Там в колхозе делать нечего, и мы с девчонками поехали по комсомольской путевке. Меня как бог направил в Грузию. Работала там на авиазаводе. Познакомилась с грузином и жила гражданским браком. Расписаться я могла, но не хотела менять мамину фамилию. Думала, будет у меня Мошутели, а мамина-то фамилия Солнцева. Очень я боялась, что потеряю ее фамилию.
С братом мы только через 18 лет встретились. Нашлись через письма. Я обрадовалась, поехала к нему, думала, теперь вместе жить будем. А он сказал: «Уезжай сейчас, потом посмотрим». Я на него обижена была. Уехала и больше ему не писала.
Сына родили, жили и жили, все было нормально. Муж очень сына любил, говорил: «Смотри, чтобы пьяницей, вором не вырос». Муж умер, когда сыну было тринадцать лет. Я целый год в черном ходила.
А потом началась перестройка. Русских в Грузии начали притеснять, все уезжали. Мне окно побили, страшно было. Мы в 1994 году вернулись в Ленинград.
Деньги нужны были, я работала. Когда Союз разваливался, я торговала. Раньше же на улице торговали, вот и я в шесть часов вставала каждый день, в семь уходила, до вечера на работе. Тогда привозили творог, сметану. На Витебский вокзал приезжали поезда с Украины, с Белоруссии, выходили и прямо на платформе открывали сумки, там сыры, колбасы, творог.
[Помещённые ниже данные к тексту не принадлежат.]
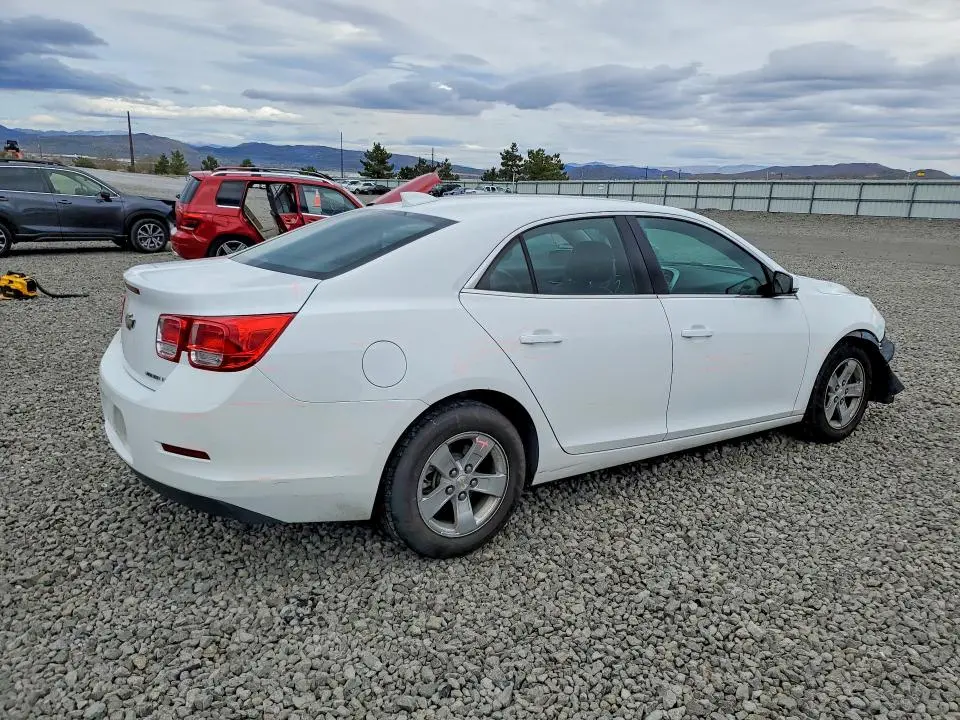 2015 CHEVROLET MALIBU 1LT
Потом устала с этой коляской таскаться. Я уже была инвалидом второй группы, пенсии никакой не получала. Почему-то думала, что без государства справлюсь, все своим трудом.
Знаете, как-то все у меня шло, как с откоса. Паспорт не давали, куда ни приду, придирались. Паспорт же у меня эсэсэровский был, старый, а регистрация грузинская. Ходила я с этими документами, как беженка. Из-за прописки меня не брали на работу, с трудом устроилась в столовую. Сейчас удивляются люди, как я так долго без гражданства была. А у меня три года заняло получение, и то дали мне его только потому, что потом уже на сайт президенту написали, и специалисты в «Ночлежке» помогли оформить. А если бы я одна ходила, я до сих пор без гражданства была бы. Обещали, обещали только все.
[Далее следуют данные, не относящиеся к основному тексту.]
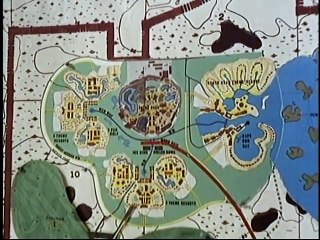 Walt Disney's original E.P.C.O.T film (1966) HD FULL VERSION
В Пенсионном фонде сказали, что я пенсию в Грузии получаю, и все такое. Я говорила, что я не аферист, никогда бы такого не сделала. У меня все бумаги есть, что я и ветеран войны, и блокадник. А мне отказывают. Просят прислать документы, что я не получаю пенсию в Грузии, а там же уже ничего нет, там другая страна. Еле-еле сделали запрос, пришла какая-то бумага.
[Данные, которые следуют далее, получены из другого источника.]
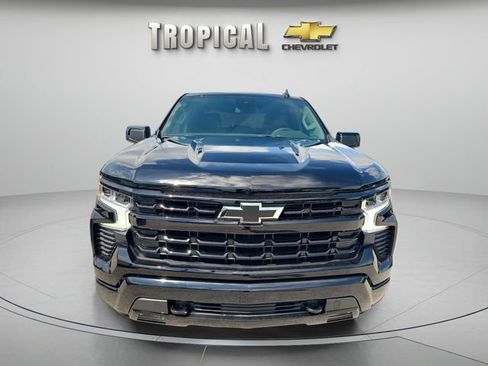 New 2026 Chevrolet Silverado 1500 RST AWD/4WD image 8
Дальше опять в суд подали, там меня ругают все, кричат на меня. Раньше хоть с уважением разговаривали, а сейчас, куда ни приду, все орут.
Познакомилась с одной женщиной, она меня пожалела, пустила к себе жить, и я снимала у нее комнату, на Малодетскосельском. Прописать она меня не прописывала, но платила я только квартплату. Так мы и жили с ней, пока она не умерла. Приехала ее дочка из Америки и решила квартиру продавать.
До войны мы в Саперном переулке жили, на третьем этаже. Была спальня, зала и кухня, я все помню. А они сейчас, знаете, что сделали? Они соединили нашу квартиру, 21-ю, с 22-й. Наша квартира исчезла. Там теперь железная дверь. Когда я удостоверение блокадника делала в 94-м году, я в милиции просила сделать мне справку, что я там проживала. Они мне тут же ее дали. Там написано, что Солнцева Вера Егоровна проживала по адресу Саперный переулок, 10, 21. А теперь этой квартиры как будто нет.
И суд отказал мне в праве на постановку на учет из-за того, что теперь этой квартиры не существует. Теперь я пытаюсь хотя бы доказать, что живу здесь с 1994 года. Свидетелей моих в суд не пускают, ни дочку этой женщины с Малодетскосельского, ни мужчину, у которого я работала. Все бездушные, бессердечные.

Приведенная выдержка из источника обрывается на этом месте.